Last night, we were out in the hall, passing around a can of duster, inhaling it. I went with Gabriel into his apartment to pee in his bathroom. While we were there, we started to hear screaming, loud screaming from the hallway we had just left. I couldn't understand what some girl could possibly be screaming so loud about, and was concerned that the other people that lived in that hall were going to be annoyed by the screaming. I went out into the hall to see that this girl, pretty and blonde, was screaming, really pissed, screaming because some other girl in the hallway had a bit sadistically told her who killed Laura Palmer. Apparently the blonde girl had the tapes in her bag and was excited about watching the show, and she was upset, really unreasonably upset and screaming her head off. The mean girl told her that she, the screaming girl, even looked like Laura Palmer. And it was true, this screaming girl was Laura Palmer. Just as Laura Palmer was too innocent looking and so had to brutalize herself and be brutalized by others, so too did this other girl have to tell the blonde girl the killer.

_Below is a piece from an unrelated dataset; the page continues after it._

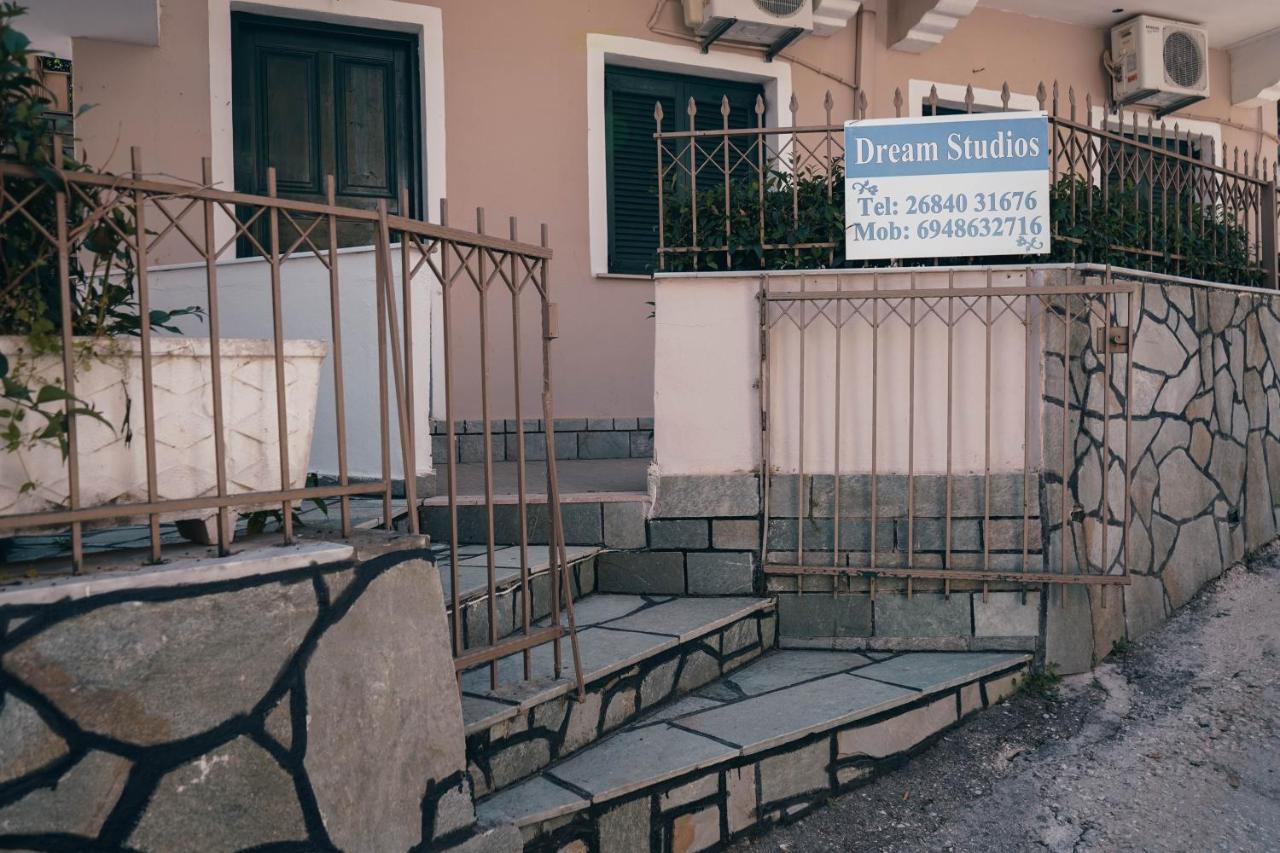 Dreams Studios Parga Exterior foto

What made this thing even weirder for me, it already being a very weird scene, messed up as I was on whiskey and inhalants, was that I am reading a very detailed, very amazingly written chapter in The Shape of Things to Come about Laura Palmer and Twin Peaks. I had just read this passage earlier in the day:
Twin Peaks made Laura Palmer famous as a corpse; Fire Walk With Me, which is about her discovery that the demon who has been raping her since she was twelve is her father, is the greatest teen-jeopardy movie ever made, and even as she dies at her father's hands Sheryl Lee is more alive than anyone else in the picture. The movie is driven by as heedless a performance as any in the history of film, but in its most desperate moment all that's in question is the expression on the face of a high-school girl sitting down to dinner in her family's nice house, on their quiet, groomed street, as her father asks if she's washed her hands. But like a window blown off its hinges in a storm, her face opens onto a national landscape, where promises are made for the pleasure to be found in their betrayal, where it is only the betrayal of a promise that proves the promise was worth making, where innocence is killed because it is an affront to the rhythms of the nation's story and cannot be tolerated. (149-150)

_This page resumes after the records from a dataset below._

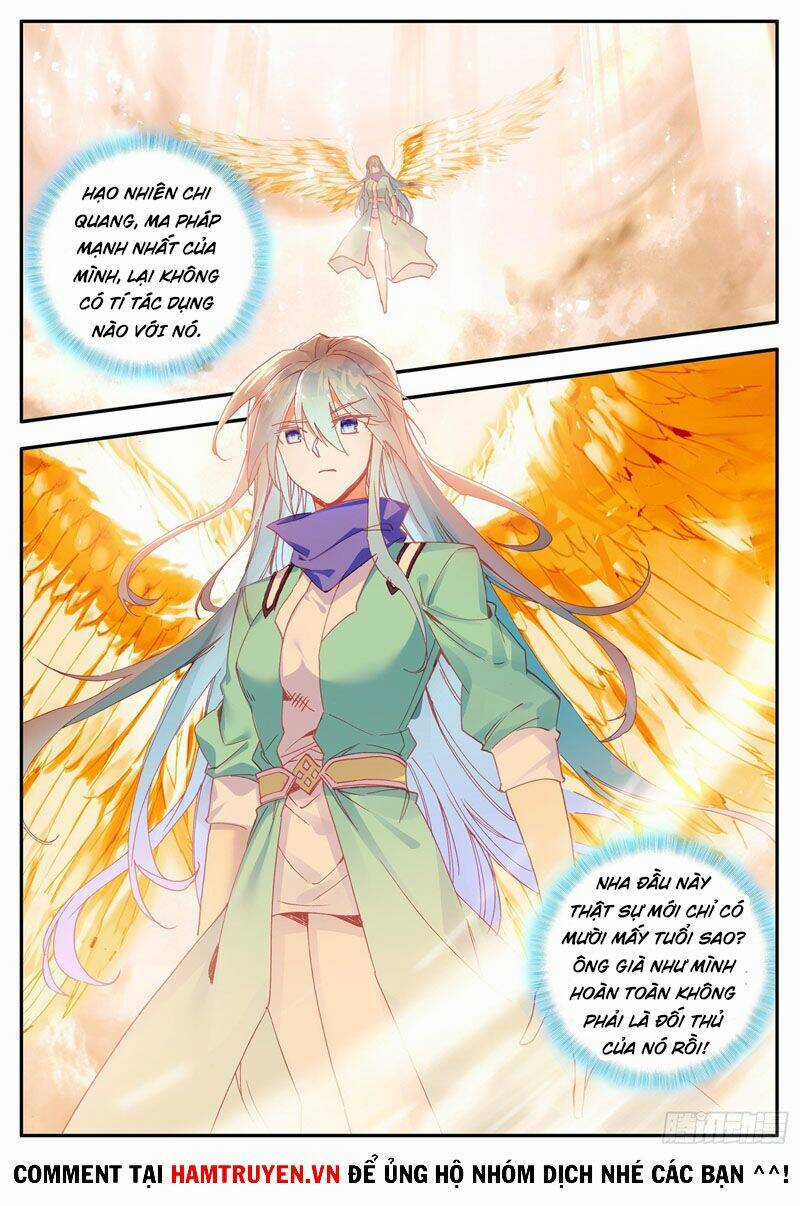 Thiện Lương Tử Thần - Chapter 123 - Trang 8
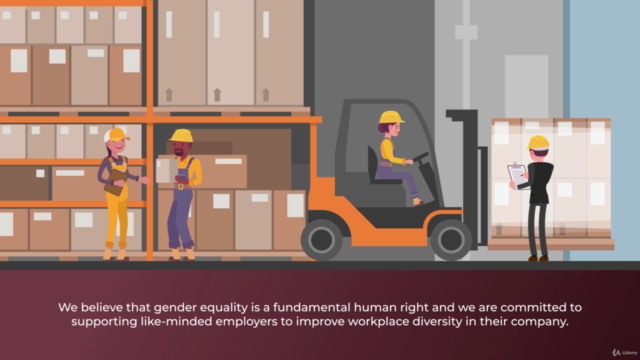 How to improve Gender Equality & Workplace Inclusivity – Screenshot 4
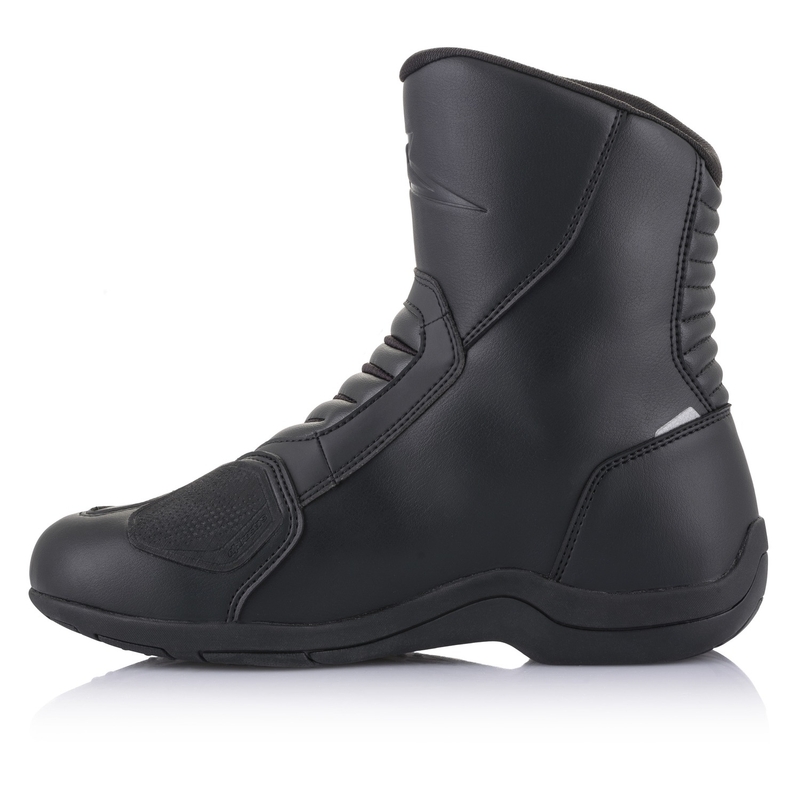 Alpinestars Ridge Vedenpitävä Musta Moottoripyöräilykengät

I kept on wondering what life I was living today as I read more of this chapter about Laura Palmer today on the subway, the symmetries between some of the passages in the book, some of the scenes discussed, some of these scenes of last night, and my own self-destructive behavior as of late too close for comfort. Laura Palmer "knows that it's her innocence that attracts her father, and so she tries to kill it. Donna walks into Laura's house to find her friend very dressed up, drinking and smoking. 'Where are you going? 'Nowhere fast, and you're not coming.'"(171)
And what it is I am trying to kill by partying so hard so often, I don't know. I am not even sure that I am trying to kill something, but Greil Marcus's analysis of this series and Laura Palmer's behavior struck me as really spot on, and I looked for parallels in my own life. If I am Laura Palmer, leading a respectable life to my co-workers, and getting totally obliterated every single night, what is the purpose? And the purpose for me is clear: it is the distinction between the two, that one is slightly boring, and so the fun that needs to be had needs to be that much more fun to compensate for those hours of boringness lived - that really I am just trying to live and get as much out of it as possible.
And all of this was in my mind last night, layers upon layers of meanings and past associations, all of it blurry because of the whiskey and duster, but layers which probably would not have even been glimpsed at all otherwise. I get these hints of things in these moments that I wish I could grasp and sometimes feel like I am close to being able to. And this girl in the hall, innocent seeming, screaming her head off, was recalled today, was relived as I read about Laura Palmer screaming.
Laura Palmer's "scream is so big, so all-consuming, that it's less that the scream is part of the girl you're watching than that she is part of the scream. It exists whether she does or not. It's a force that finds its host," (178). Perhaps my discomfort, my shock, at the screaming last night lied in this reason, that the scream seemed part of something else, some other scene, some other body.